BEGIN
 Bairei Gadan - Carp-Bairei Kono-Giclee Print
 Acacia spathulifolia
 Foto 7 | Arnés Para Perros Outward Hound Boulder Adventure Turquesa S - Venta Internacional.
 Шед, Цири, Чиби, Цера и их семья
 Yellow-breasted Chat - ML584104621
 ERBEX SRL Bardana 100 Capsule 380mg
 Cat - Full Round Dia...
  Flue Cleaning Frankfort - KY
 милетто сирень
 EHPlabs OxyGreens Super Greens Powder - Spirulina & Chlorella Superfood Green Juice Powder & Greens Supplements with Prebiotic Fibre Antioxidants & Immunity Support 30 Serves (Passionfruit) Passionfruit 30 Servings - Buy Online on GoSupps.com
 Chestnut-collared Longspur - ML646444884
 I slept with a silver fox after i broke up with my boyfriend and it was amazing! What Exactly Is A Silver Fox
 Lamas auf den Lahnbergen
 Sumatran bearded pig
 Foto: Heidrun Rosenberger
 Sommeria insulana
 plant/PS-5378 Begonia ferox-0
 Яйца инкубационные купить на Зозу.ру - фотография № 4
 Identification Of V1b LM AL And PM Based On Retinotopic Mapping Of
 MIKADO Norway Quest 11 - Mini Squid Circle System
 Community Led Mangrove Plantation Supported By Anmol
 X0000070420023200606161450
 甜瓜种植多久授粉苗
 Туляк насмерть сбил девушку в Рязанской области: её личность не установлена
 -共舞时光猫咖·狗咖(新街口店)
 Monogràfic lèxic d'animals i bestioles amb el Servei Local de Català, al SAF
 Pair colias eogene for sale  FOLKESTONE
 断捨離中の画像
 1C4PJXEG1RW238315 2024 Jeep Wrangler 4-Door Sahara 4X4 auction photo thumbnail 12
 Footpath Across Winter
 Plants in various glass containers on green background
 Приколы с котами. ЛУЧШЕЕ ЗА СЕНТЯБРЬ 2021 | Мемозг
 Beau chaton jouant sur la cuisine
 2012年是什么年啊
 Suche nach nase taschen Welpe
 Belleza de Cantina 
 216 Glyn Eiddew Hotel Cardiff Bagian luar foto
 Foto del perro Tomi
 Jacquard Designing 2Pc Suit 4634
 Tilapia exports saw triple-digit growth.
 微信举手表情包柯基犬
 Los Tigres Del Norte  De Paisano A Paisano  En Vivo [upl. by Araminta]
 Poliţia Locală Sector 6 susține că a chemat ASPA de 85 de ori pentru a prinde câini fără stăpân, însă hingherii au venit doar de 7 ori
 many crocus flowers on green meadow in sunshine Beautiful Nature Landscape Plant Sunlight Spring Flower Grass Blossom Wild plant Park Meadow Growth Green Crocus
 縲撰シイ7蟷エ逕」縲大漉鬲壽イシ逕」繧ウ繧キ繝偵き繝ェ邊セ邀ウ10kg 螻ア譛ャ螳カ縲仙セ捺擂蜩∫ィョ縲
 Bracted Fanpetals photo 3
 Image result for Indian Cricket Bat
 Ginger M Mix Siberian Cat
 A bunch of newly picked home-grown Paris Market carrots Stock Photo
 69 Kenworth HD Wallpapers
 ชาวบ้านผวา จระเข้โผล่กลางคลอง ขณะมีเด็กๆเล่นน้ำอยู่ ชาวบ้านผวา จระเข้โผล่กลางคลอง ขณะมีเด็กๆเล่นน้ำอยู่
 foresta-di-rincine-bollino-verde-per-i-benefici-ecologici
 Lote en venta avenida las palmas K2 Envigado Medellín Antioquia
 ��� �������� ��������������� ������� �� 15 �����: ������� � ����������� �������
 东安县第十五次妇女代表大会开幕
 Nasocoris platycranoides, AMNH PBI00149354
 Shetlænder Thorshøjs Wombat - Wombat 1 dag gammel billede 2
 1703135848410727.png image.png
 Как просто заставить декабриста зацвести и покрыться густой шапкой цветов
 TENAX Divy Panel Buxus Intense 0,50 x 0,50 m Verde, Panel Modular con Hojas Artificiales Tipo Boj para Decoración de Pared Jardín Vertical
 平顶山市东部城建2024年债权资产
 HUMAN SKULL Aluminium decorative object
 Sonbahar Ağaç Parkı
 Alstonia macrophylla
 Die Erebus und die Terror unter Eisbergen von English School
END
→ **WORK ITEM**: Reproduce, word for word and in full, only the lines above that start at the line with "Belleza de Cantina" and run through the line with "1703135848410727.png image.png", both ends included.

→ **ANSWER TO THE EXERCISE**:
 Belleza de Cantina 
 216 Glyn Eiddew Hotel Cardiff Bagian luar foto
 Foto del perro Tomi
 Jacquard Designing 2Pc Suit 4634
 Tilapia exports saw triple-digit growth.
 微信举手表情包柯基犬
 Los Tigres Del Norte  De Paisano A Paisano  En Vivo [upl. by Araminta]
 Poliţia Locală Sector 6 susține că a chemat ASPA de 85 de ori pentru a prinde câini fără stăpân, însă hingherii au venit doar de 7 ori
 many crocus flowers on green meadow in sunshine Beautiful Nature Landscape Plant Sunlight Spring Flower Grass Blossom Wild plant Park Meadow Growth Green Crocus
 縲撰シイ7蟷エ逕」縲大漉鬲壽イシ逕」繧ウ繧キ繝偵き繝ェ邊セ邀ウ10kg 螻ア譛ャ螳カ縲仙セ捺擂蜩∫ィョ縲
 Bracted Fanpetals photo 3
 Image result for Indian Cricket Bat
 Ginger M Mix Siberian Cat
 A bunch of newly picked home-grown Paris Market carrots Stock Photo
 69 Kenworth HD Wallpapers
 ชาวบ้านผวา จระเข้โผล่กลางคลอง ขณะมีเด็กๆเล่นน้ำอยู่ ชาวบ้านผวา จระเข้โผล่กลางคลอง ขณะมีเด็กๆเล่นน้ำอยู่
 foresta-di-rincine-bollino-verde-per-i-benefici-ecologici
 Lote en venta avenida las palmas K2 Envigado Medellín Antioquia
 ��� �������� ��������������� ������� �� 15 �����: ������� � ����������� �������
 东安县第十五次妇女代表大会开幕
 Nasocoris platycranoides, AMNH PBI00149354
 Shetlænder Thorshøjs Wombat - Wombat 1 dag gammel billede 2
 1703135848410727.png image.png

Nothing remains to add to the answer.